Proteolysis Targeting Chimeric Molecules: Tuning Molecular Strategies for a Clinically Sound Listening

Abstract

From seminal evidence in the early 2000s, the opportunity to drive the specific knockdown of a protein of interest (POI) through pharmacological entities called Proteolysis Targeting Chimeric molecules, or PROTACs, has become a possible therapeutic option with the involvement of these compounds in clinical trials for cancers and autoimmune diseases. The fulcrum of PROTACs pharmacodynamics is to favor the juxtaposition between an E3 ligase activity and the POI, followed by the ubiquitination of the latter and its degradation by the proteasome system. In the face of an apparently modular design of these drugs, being constituted by an E3 ligase binding moiety and a POI-binding moiety connected by a linker, the final structure of an efficient PROTAC degradation enhancer often goes beyond the molecular descriptors known to influence the biological activity, specificity, and pharmacokinetics, requiring a rational improvement through appropriate molecular strategies. Starting from the description of the basic principles underlying the activity of the PROTACs to the evaluation of the strategies for the improvement of pharmacodynamics and pharmacokinetics and rational design, this review examines the molecular elements that have been shown to be effective in allowing the evolution of these compounds from interesting proof of concepts to potential aids of clinical interest.
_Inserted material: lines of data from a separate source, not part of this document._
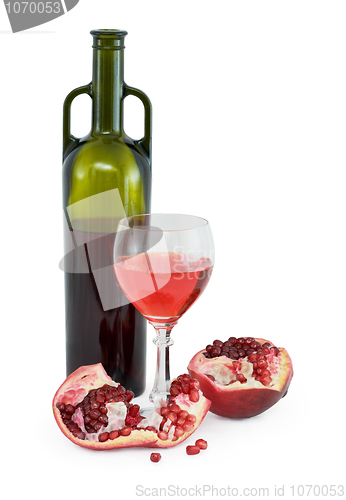Image of Glass of wine, bottle and a red pomegranate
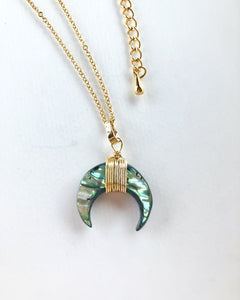Abalone Ox Horn Pendant strung from a 17" 24k gold filled chain.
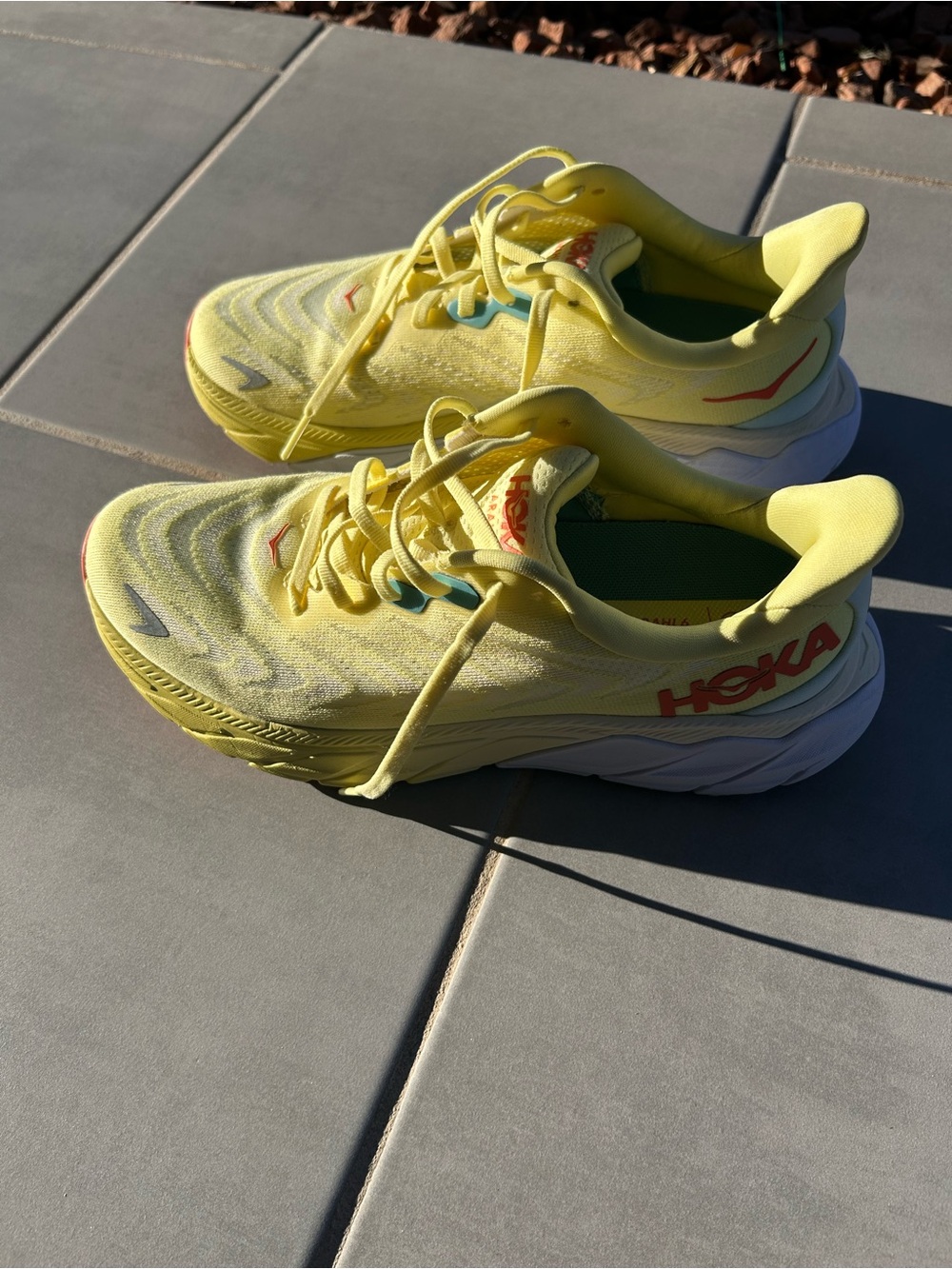 Hoka One One women’s Yellow Athletic Sneakers with Coral Logo. Size 7.5 B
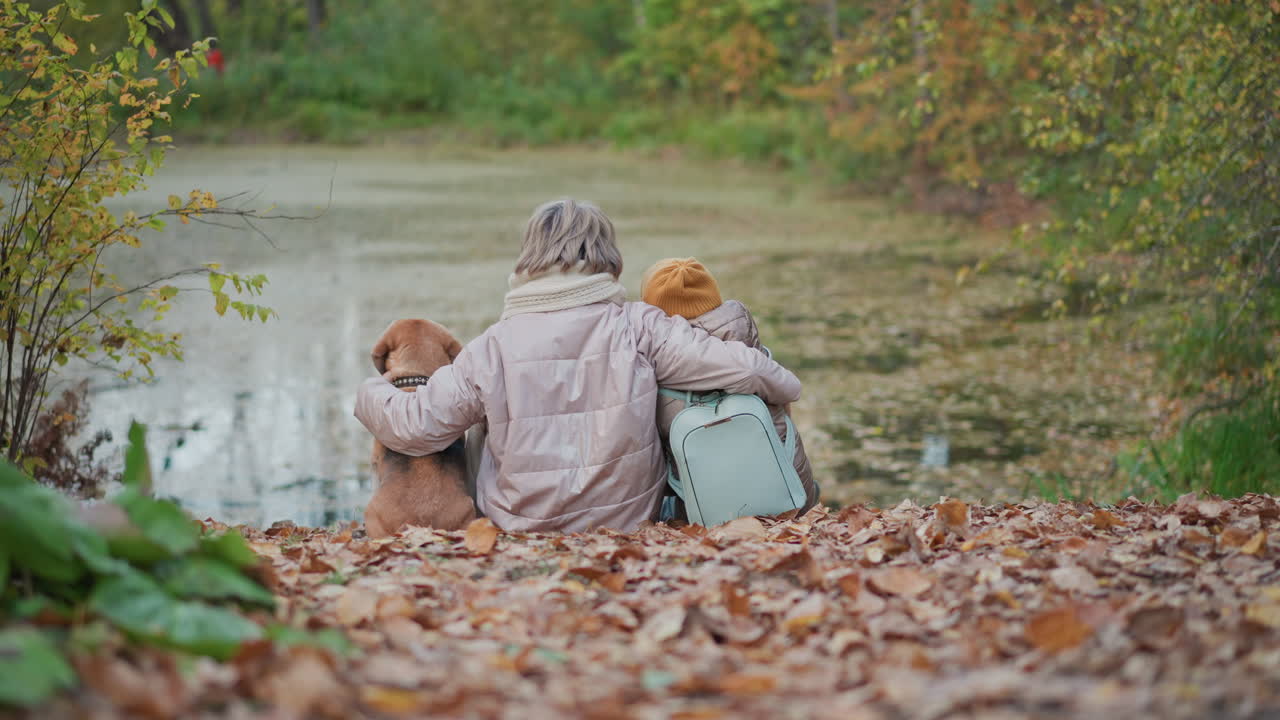 woman places arm around dog and child as they sit by calm leaf strewn lake in autumn forest sharing warm affectionate family bond amid tranquil natural setting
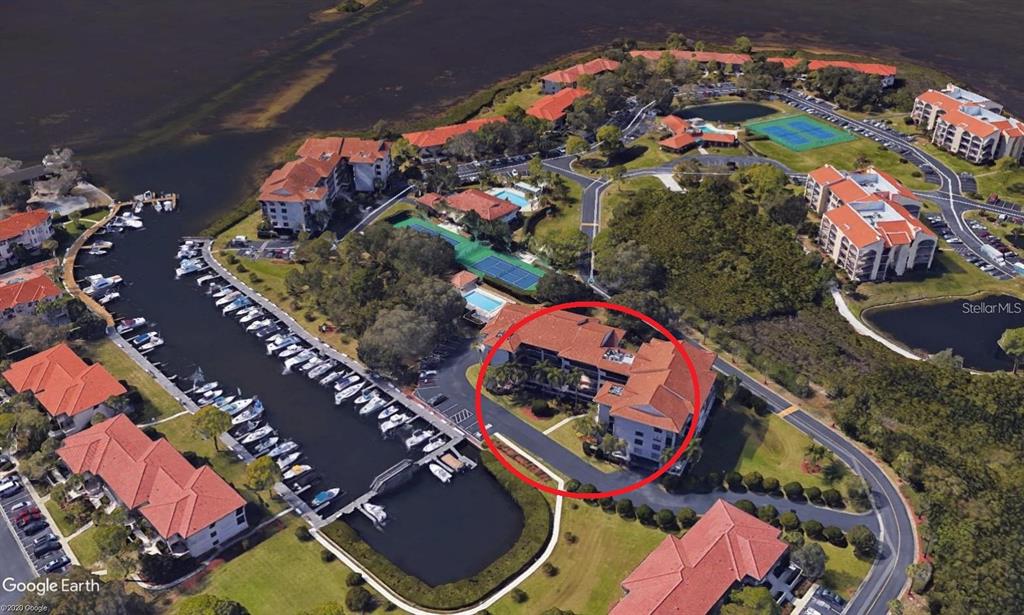 An aerial view shows a multi-story residential building circled in red within a waterfront complex — 1806 MARINER DRIVE UNIT 214, TARPON SPRINGS, FL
Keywords: Lipinski rule of five; Von Hippel-Lindau; molecular glue; thalidomide; warhead.

Figure 1

(A) Prototypical structure of a Proteolysis Targeting Chimeric Molecules (PROTAC) based on the example of dBET23 PROTAC (Protein Data Bank number 6BN7). PROTACs favor the formation of a ternary complex involving the PROTAC itself (cyan structure), a protein of interest (POI) in the case of the DNA damage-binding protein 1 (green surface), and a cell E3 ligase in the case of the Protein cereblon (pink surface). This is made available by the coexistence, in the same molecule, of a POI-binding moiety and an E3 ligase-binding moiety (in the case of thalidomide) joined by a linker of suitable length. (B) A list of PROTACS involved in clinical trials. Abbreviations: AR—androgen receptor; ER—oestrogen receptor; BCL-xL—B cell lymphoma- extra-large; BRD9—bromodomain-containing protein 9; BTK—Bruton’s tyrosine kinase; EGFR-L585R—epidermal growth factor receptor harboring the exon point mutation L858R; ER—oestrogen receptor; HS—hidradenitis suppurativa; IND-e—IND- enabling preclinical studies; IRAK4—interleukin-1 receptor-associated kinase 4; STAT3—signal transducer and activator of transcription 3; TRK—tropomyosin receptor kinase. * Ingo Hartung su Twitter: “The plot thickens regarding the structure of IRAK4 PROTAC KT-474 @KymeraTx. 2 patents disclosing deuterated, crystalline & salt forms of a single PROTAC. Comprising a non-conventional CRBN binder the chemists at Kymera seem to like a lot. More common NH-linked IMiD in KT-413? https://t.co/O8JMRLZvpY”/Twitter (accessed on 1 March 2022).

Figure 2

Available chemical structures, identification codes, indication, and route of administration of Proteolysis Targeting Chimeric molecules (PROTACs) involved in clinical trials. The molecular portions underlined in orange, green, and blue represent the E3 ligase-binding moiety, the protein of interest-binding moiety, and the linker, respectively.

Figure 3

Structural characteristics of Proteolysis Targeting Chimeric molecules (PROTACs) currently in a clinical trial, distinguished by structural moiety and route of administration.